### Data segment
........

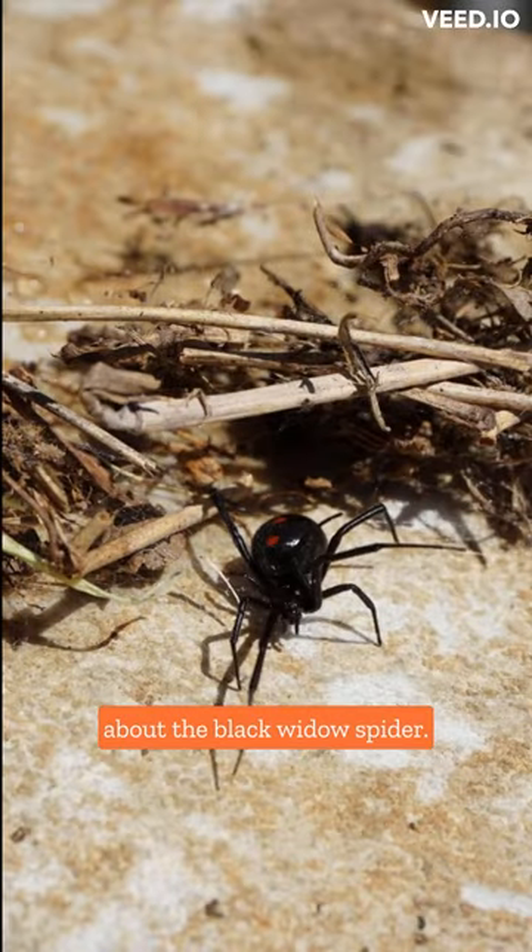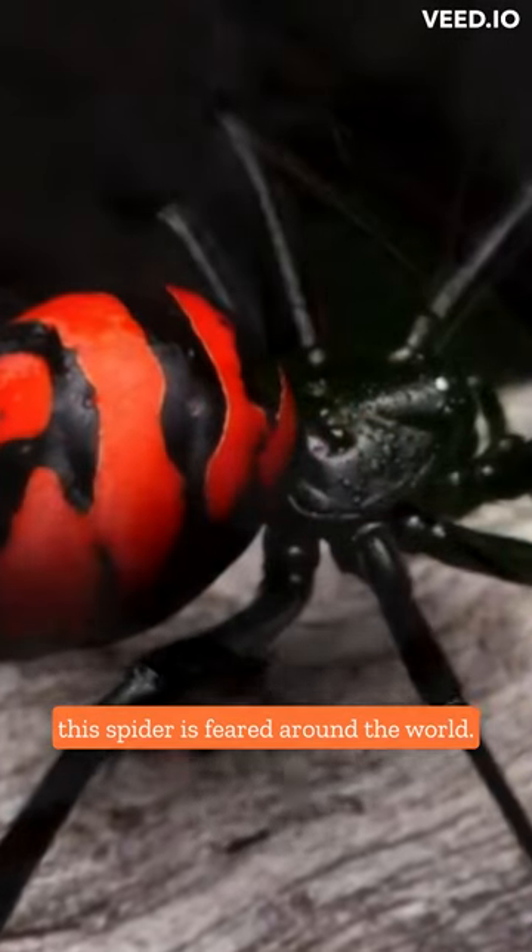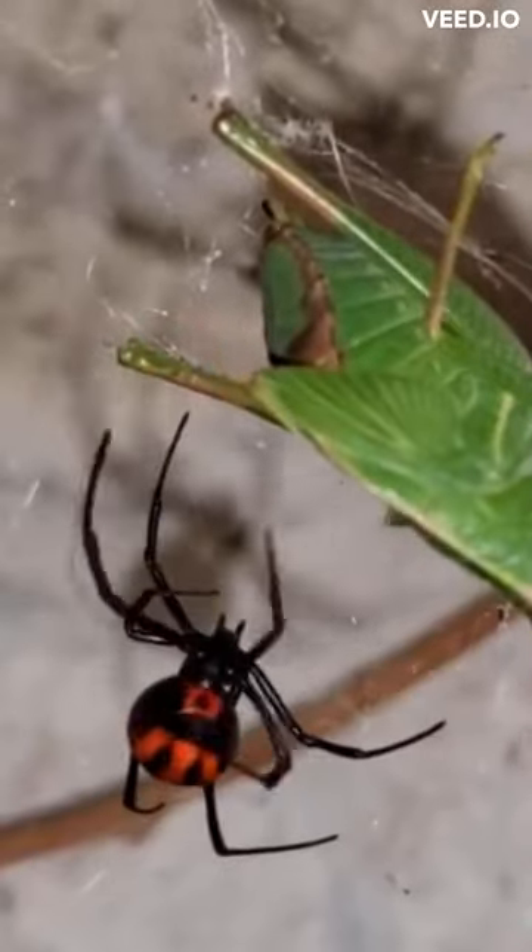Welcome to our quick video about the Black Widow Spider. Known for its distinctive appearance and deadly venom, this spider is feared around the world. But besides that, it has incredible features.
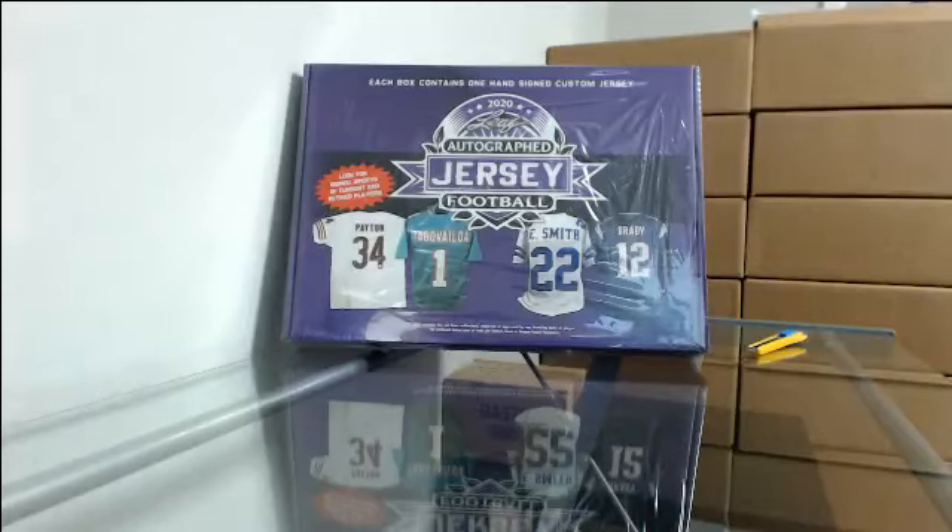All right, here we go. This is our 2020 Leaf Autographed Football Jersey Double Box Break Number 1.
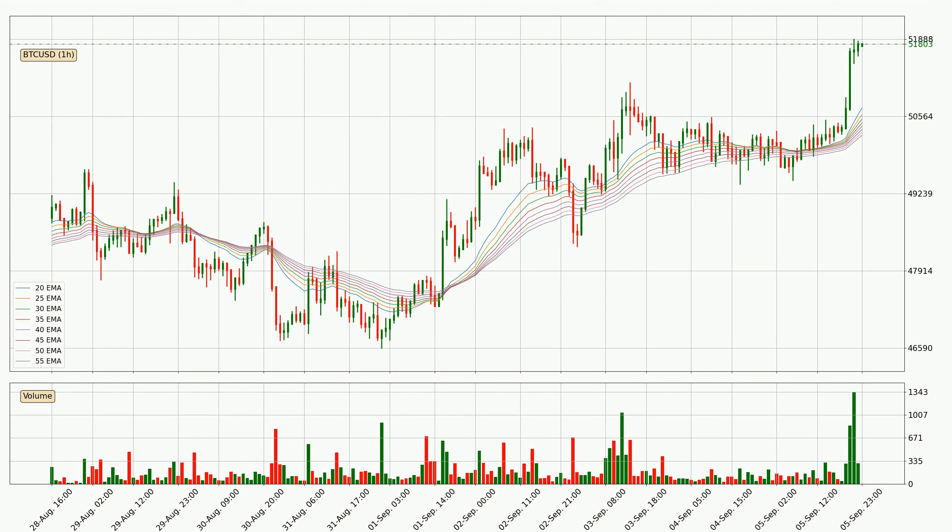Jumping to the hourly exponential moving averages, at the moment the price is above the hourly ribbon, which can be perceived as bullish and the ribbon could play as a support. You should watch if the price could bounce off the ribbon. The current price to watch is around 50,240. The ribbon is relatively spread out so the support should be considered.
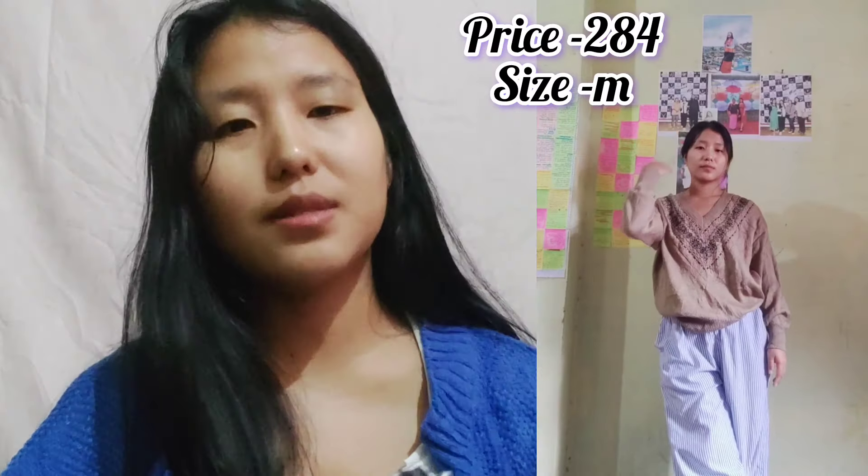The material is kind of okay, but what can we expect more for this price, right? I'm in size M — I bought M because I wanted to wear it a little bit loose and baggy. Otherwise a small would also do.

........

### Activity
The copy should begin at the line containing "All right, here" and end at the last line of the data above; please restate those lines word for word without the pictures.

### Written answer
All right, here we go. This is our 2020 Leaf Autographed Football Jersey Double Box Break Number 1.
Jumping to the hourly exponential moving averages, at the moment the price is above the hourly ribbon, which can be perceived as bullish and the ribbon could play as a support. You should watch if the price could bounce off the ribbon. The current price to watch is around 50,240. The ribbon is relatively spread out so the support should be considered.
The material is kind of okay, but what can we expect more for this price, right? I'm in size M — I bought M because I wanted to wear it a little bit loose and baggy. Otherwise a small would also do.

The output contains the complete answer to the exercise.